As it is, and credit where it's due, Ridley Scott's direction holds the film together. As you'd expect, it's visually ravishing, but most of the time Scott manages to stay focussed on telling the story - an unexpected but welcome development. He does a brilliant job of communicating the confusion and panic of the troops in the streets as the mission disintegrates, while simultaneously ensuring that the viewer is aware of the situation and the positions of the various different groups involved (mainly through computer game-like aerial shots and expository dialogue from Shepherd and his staff). There are genuinely horrific and moving moments as the crisis deepens. Even so, this is pretty much a one-note movie and after a while I felt I wouldn't have minded if I never heard another hammering assault rifle or saw another dancing shell casing ever again. There's no light and shade here, no leavening humour or romance, and not really much of a plot. But if you like unrelenting realism, grit, military hardware and carnage you should have few complaints.

Post-September 11th, of course, any film about the American armed forces' engagement in the Third World brings a whole load of new baggage with it. You may argue that it'd be unfair to review it in terms of its politics, and had Black Hawk Down not had its release date actually advanced to cash in on the current mood of the USA, I might have agreed. But as things stand, I don't, so here goes.

It goes without saying that this is an unreservedly pro-American movie.
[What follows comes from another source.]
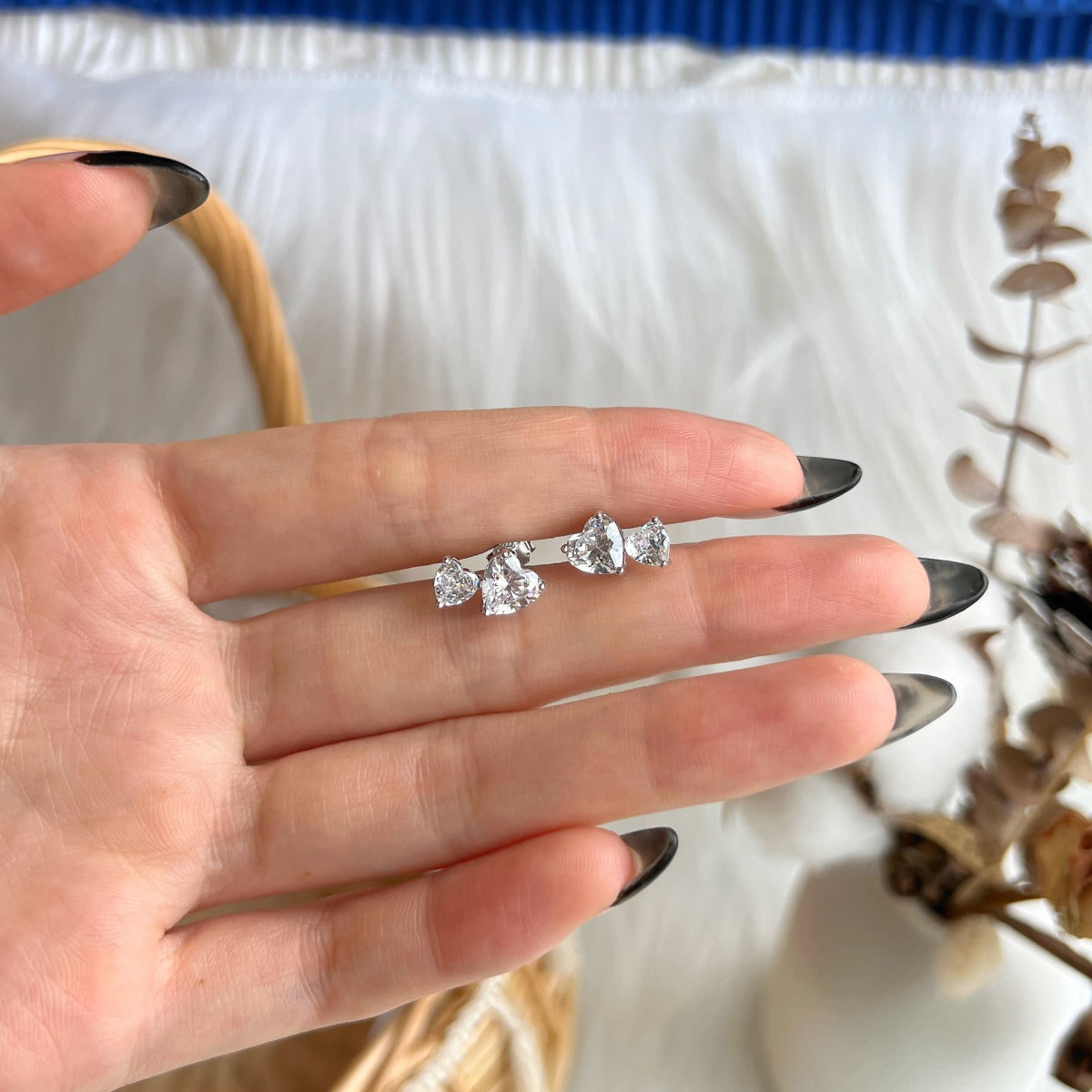 [Luxe Jewelry]Double Heart-Shape Classic Princess Style Earrings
It doesn't scale quite the same heights of sanctimony as Pearl Harbor, thank God, but there's absolutely no ambiguity on display. Well - the one exception to this is in the apportioning of blame for the debacle: armed forces overconfidence and the UN rules of engagement both get the finger pointed at them, but not as much as 'Washington' - a blatant criticism of the Clinton administration and thus one that's very unlikely to irk the current residents of 1600 Pennsylvania Avenue.

It's oversimplistic. It's not always the case of Americans suffering for the sins of the rest of the world, no matter what the film suggests. The mission it recounts may be a confused, chaotic mess, but the film's moral and political viewpoint is cleanly and uncompromisingly black-and-white. The film itself is all right, but its attempts to promote a set agenda in this way are insultingly obvious. There's an awful lot of spinning going on in Black Hawk Down - and I'm not talking about helicopter rotor blades.